Value-Geschäft nach Deutschland
Durch die Umstrukturierungen werden Prozesse, Zuständigkeiten, Themengebiete oder Funktionen zentralisiert aber dezentral in diversen Landesgesellschaften verortet. "Die verantwortlichen in den Landesgesellschaften können sich nun mehr um ihre lokalen Märkte kümmern als um die Infrastruktur", hofft Schulz. Die Maßnahmen werden allerdings nicht ohne Auswirkungen auf die Personalsituation in den einzelnen Landesgesellschaften bleiben. Man werde in enger Kooperation mit den Mitarbeitervertretungen in den einzelnen Ländern über die Pläne beratschlagen und Vorschläge für eine faire Regelung für die betroffen Mitarbeiter vorlegen, heißt es bei Ingram.

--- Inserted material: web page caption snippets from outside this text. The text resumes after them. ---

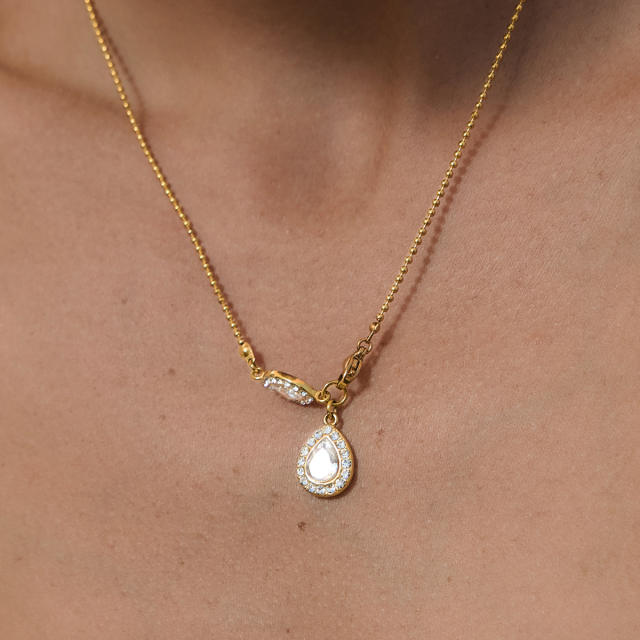 Elegant Titanium Steel Zircon Necklace drop pendant stainless steel necklace diamond necklace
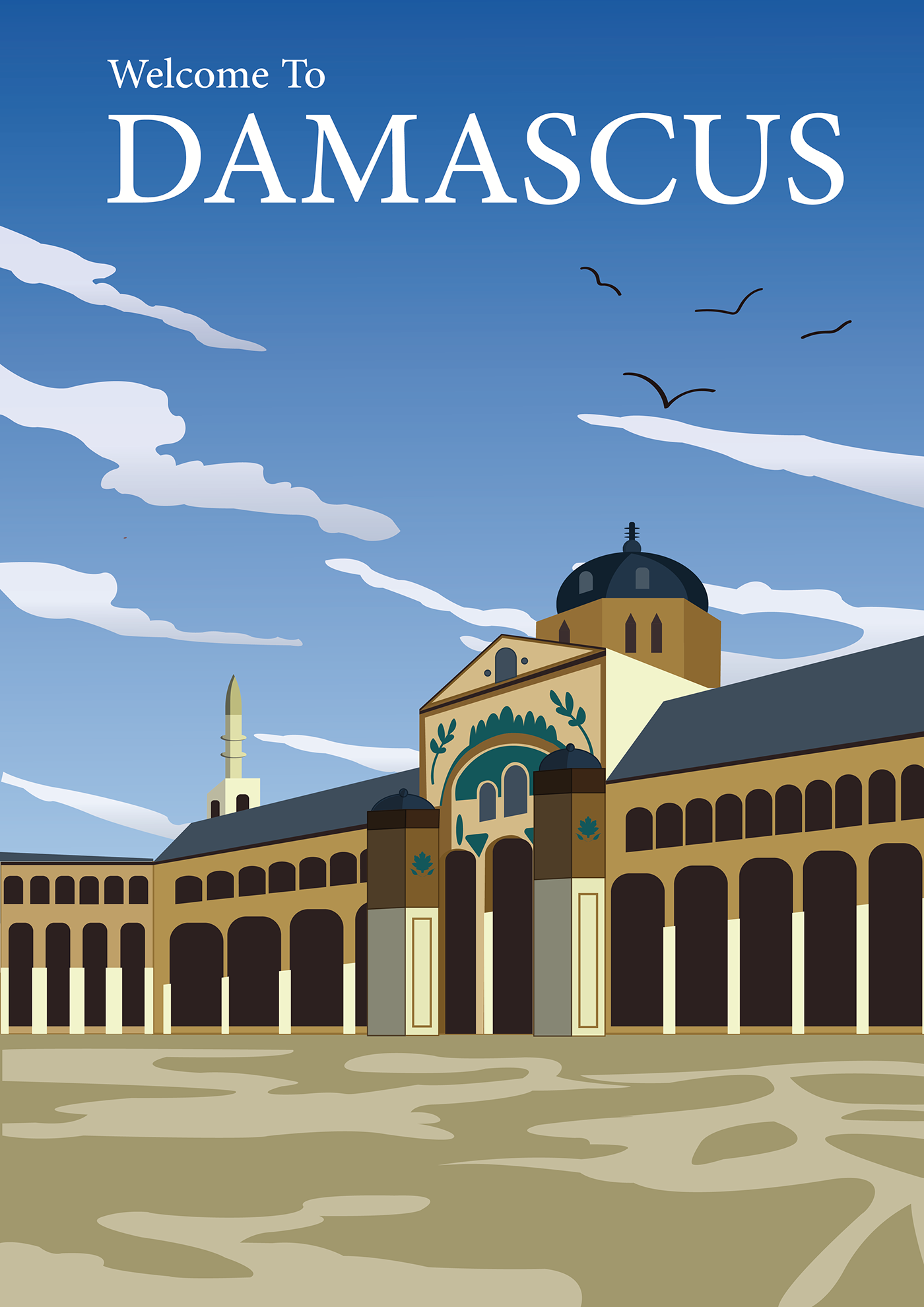 ILLUSTRATION  Digital Art  digital illustration Syria Damascus mosque poster graphic design  designer art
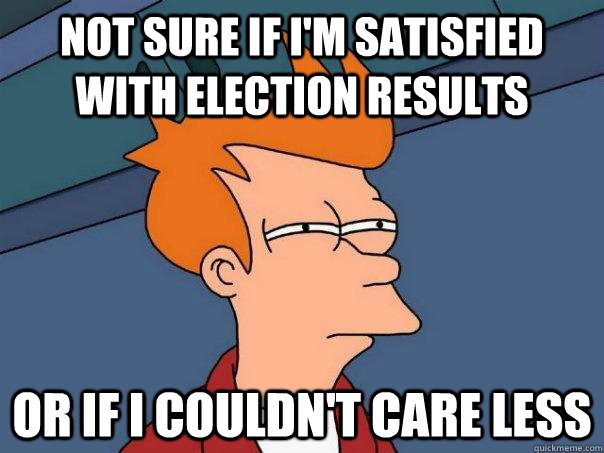 Not sure if i'm satisfied with election results Or if i couldn't care less  Futurama Fry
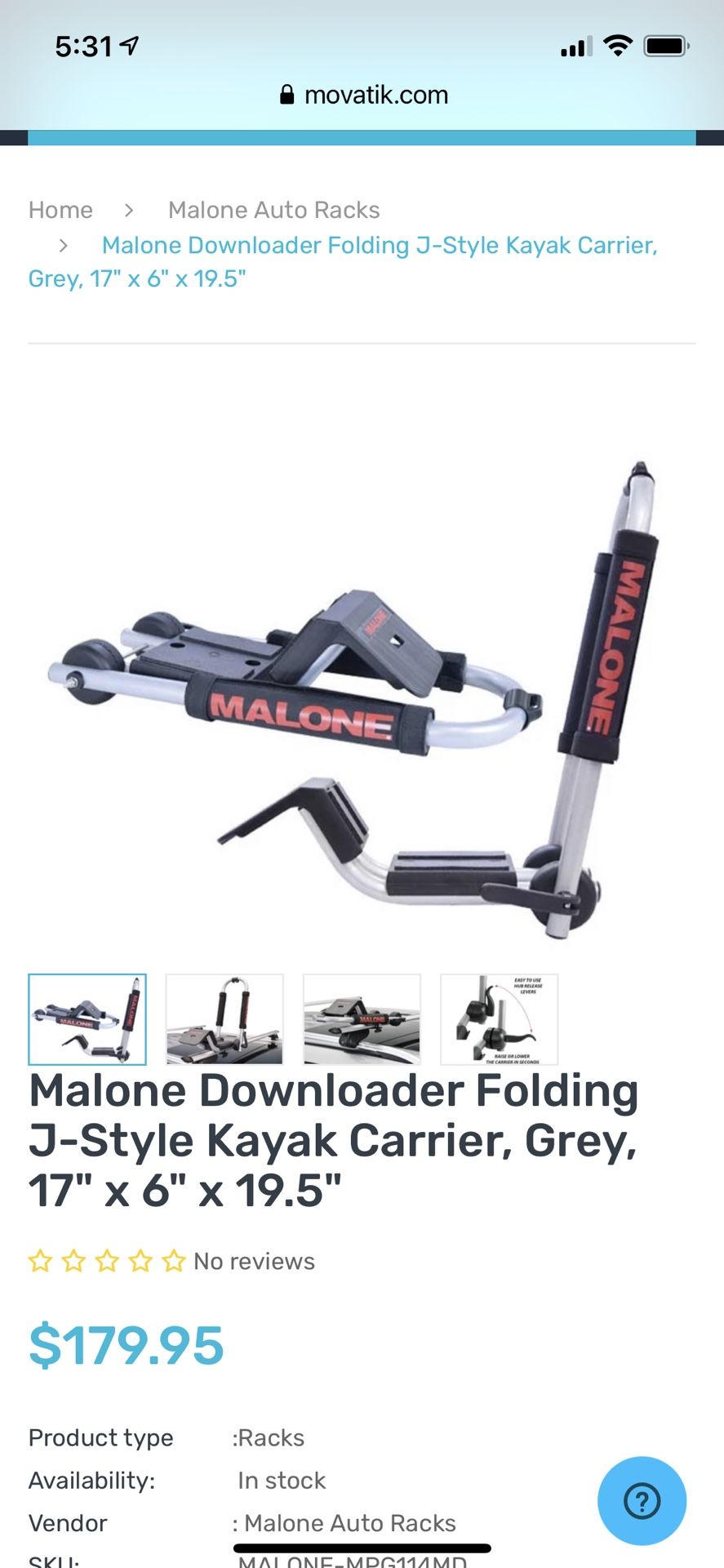 2 Sets of J Malone Kayak Carriers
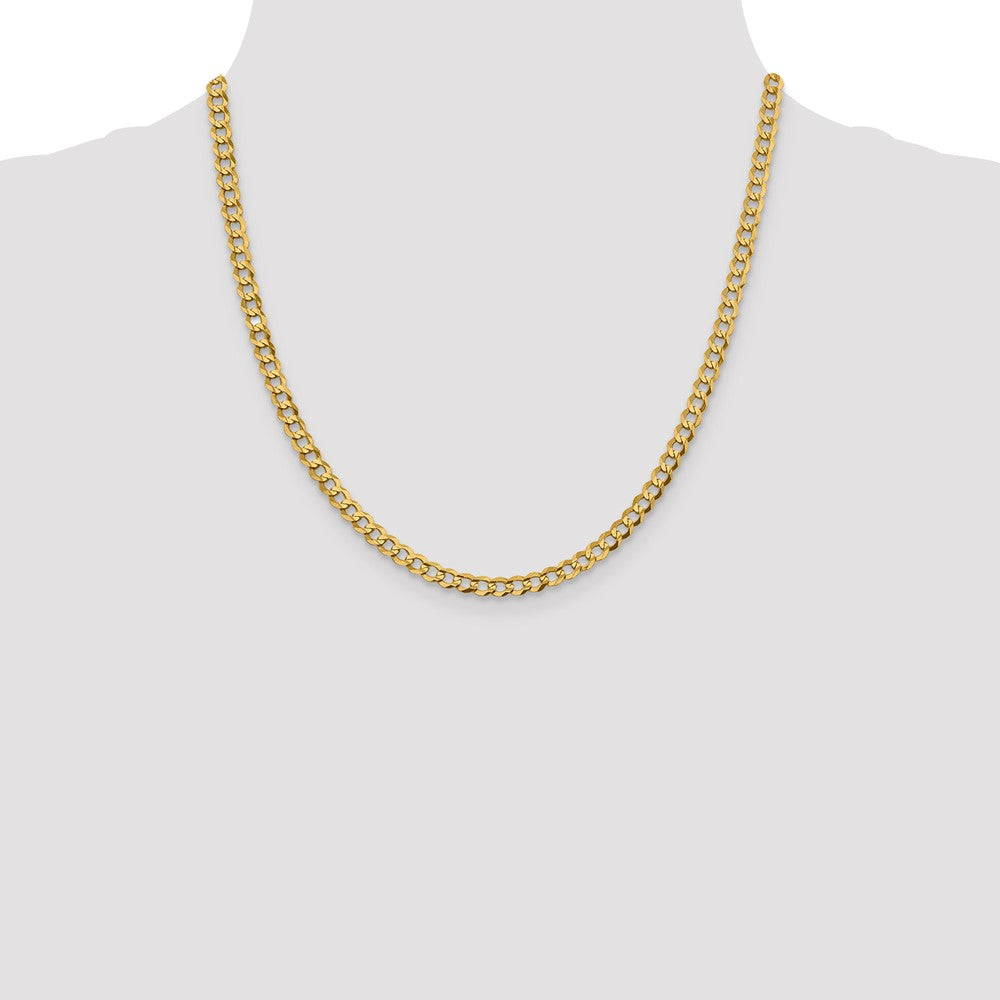 14k 4.7mm Lightweight Flat Cuban Chain - Product Photo
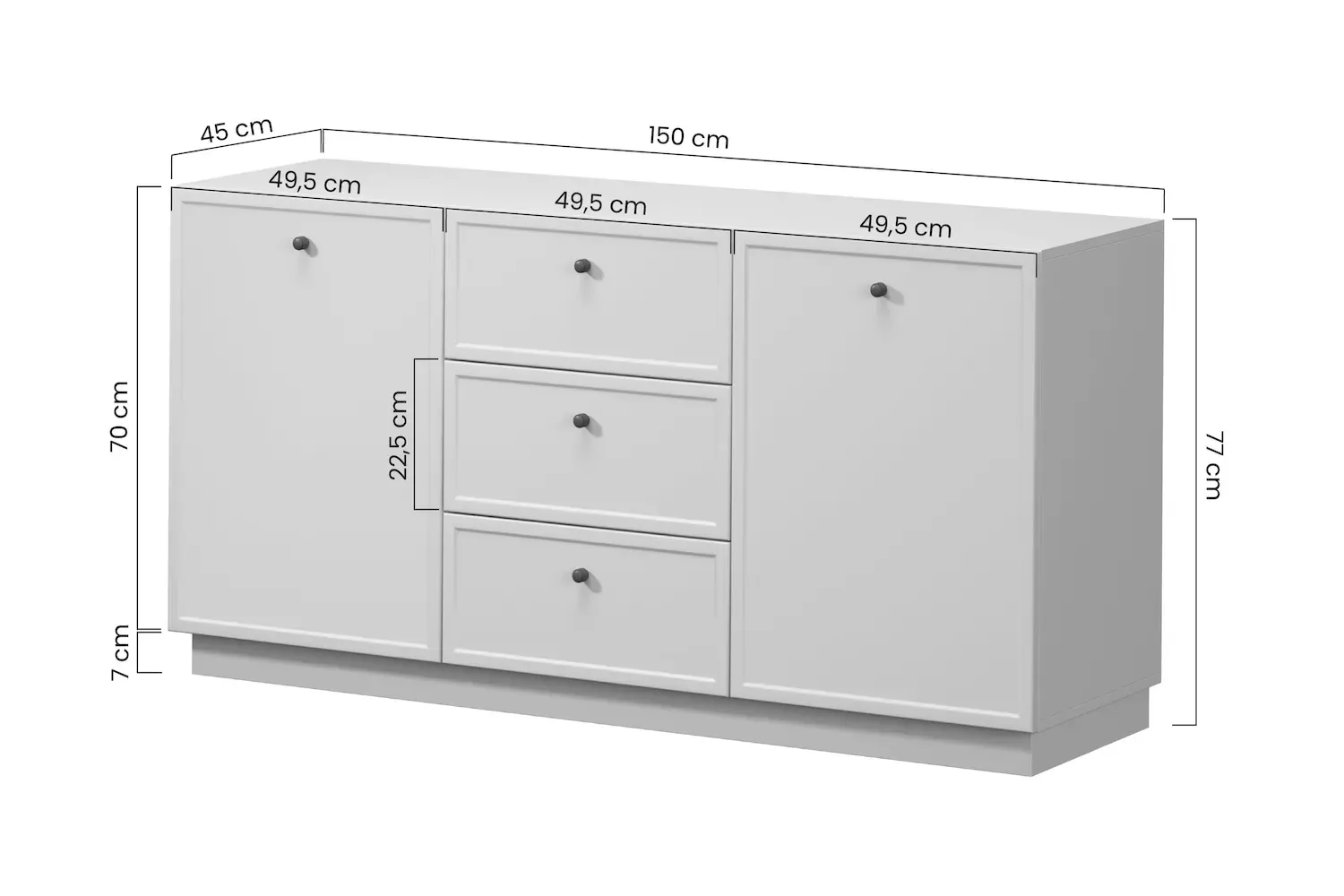 Komoda 2-drzwoiowa z 3 szufladami LORINI 150 - cashmere uchwyt T-bar czarny cokół - B_166765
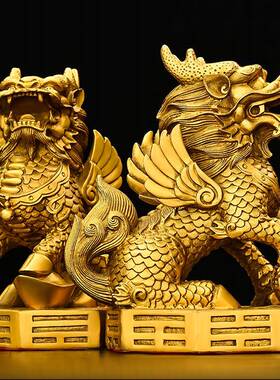 铜麒麟摆件一对纯黄铜踩八卦麒麟家居办公室商铺客厅公司饰工艺礼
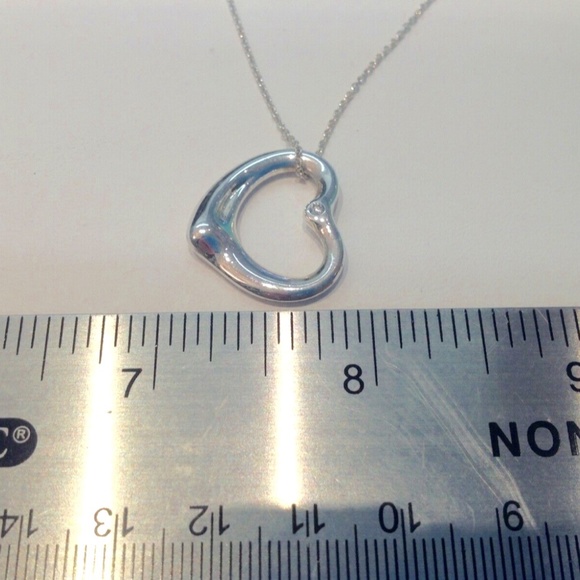 TIFFANY & CO.STERLING SILVER ELSA PERETTI OPEN HEART NECKLACE WITH DIAMOND! - Picture 3 of 5
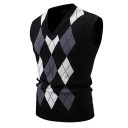 Chaleco de punto para hombre con escote en V y patrón geométrico de poliéster y nylon sin mangas para uso diario, ideal para superponer 2
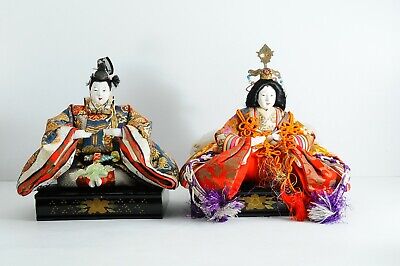 A Pair Of Vintage Japanese Hina Dolls Royal Wedding Couple Figure From Showa Era • 103$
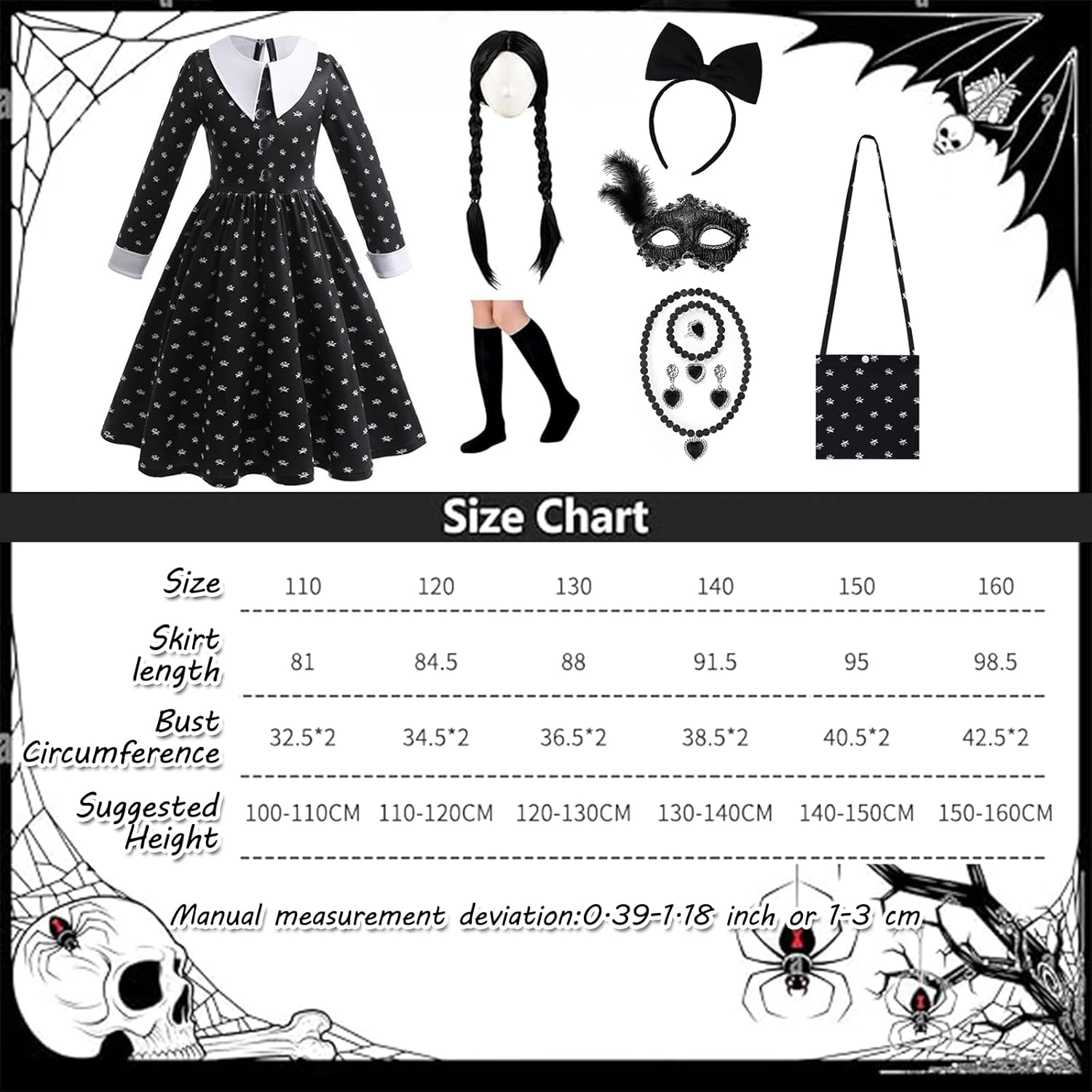 LIODUX 11 Pack Wednesday Black Costume, Wednesday Girls Dress, Teens Black Family Costumes, Girls Halloween Costumes Perfect for Halloween, Cosplay, and Parties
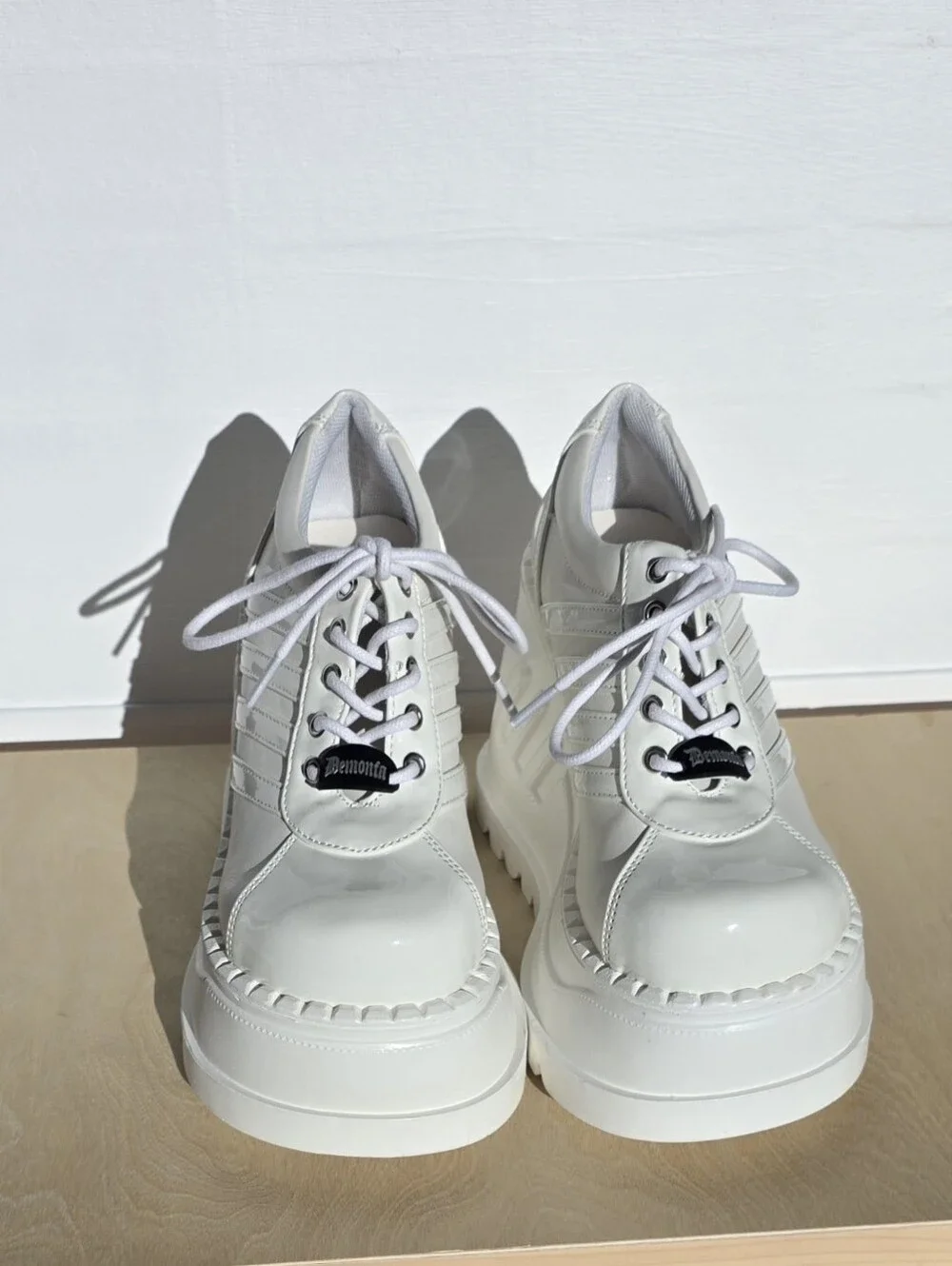 Demonia Size 7 White Platform Lace-Up Women's Shoes NWT
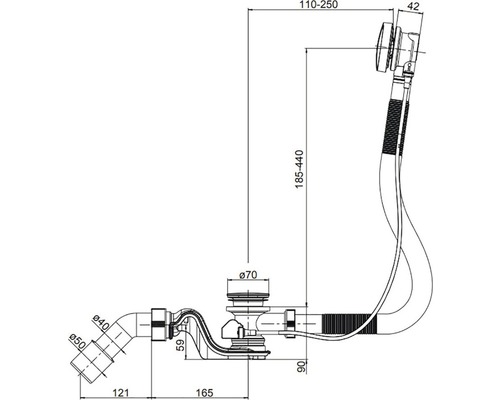 Technický nákres vaňového odpadu s rozmermi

Für Deutschland gibt Schulz aber vorsichtige Entwarnung: "In Deutschland wurde bereits im vergangenen Jahr der Umbau schon nach der europäischen Vorgabe gestaltet", erklärt der Europachef. Man habe die Hausaufgaben gemacht und könne nun durchstarten. Zwar werden weitere Beck-Office-Aufgaben nach Bulgarien ausgelagert, doch mit der Verantwortung für das Value-Geschäft wird der deutsche Standort aufgewertet. "Wir freuen uns, dass beispielsweise das europäische Kompetenzzentrum für das Value-Geschäft zukünftig in München angesiedelt sein wird", erklärt Marcus Adä, Vorsitzender der Geschäftsführung von Ingram Micro in Deutschland. So werden große Accounts wie Cisco oder das Enterprise-Geschäft von Hewlett-Packard künftig von Dornach aus gesteuert. Allerdings bedeutet der Konzernumbau auch das Aus für das ehemalige Brightpoint-Lager in Trier, das in das Straubinger Logistikzentrum integriert wird. Rund 60 Logistikmitarbeiter sind von der Schließung betroffen.
Übernahmen im Data-Center-Segment geplant
Schulz macht kein Hehl daraus, dass das Data-Center-Geschäft weiter ausgebaut werden muss wenn man eine Führungsrolle in Europa für sich beanspruchen will. Er spricht von der Vervollständigung des Data-Center-Portfolios. Neben dem organischen Wachstum erwägt er auch weiter Übernahmen in diesem Marktumfeld.
Für die Umsetzung der Maßnahmen hat Schulz einen straffen Zeitplan verordnet: Noch im laufenden Jahr sollen die Umstrukturierungen schrittweise umgesetzt werden. Wichtig sei bei solchen vorhaben, die Führungskräfte hinter sich zu bekommen, "und das habe ich", ist sich Schulz sicher. Er habe keine Angst davor, dass da jemand nicht mitzieht.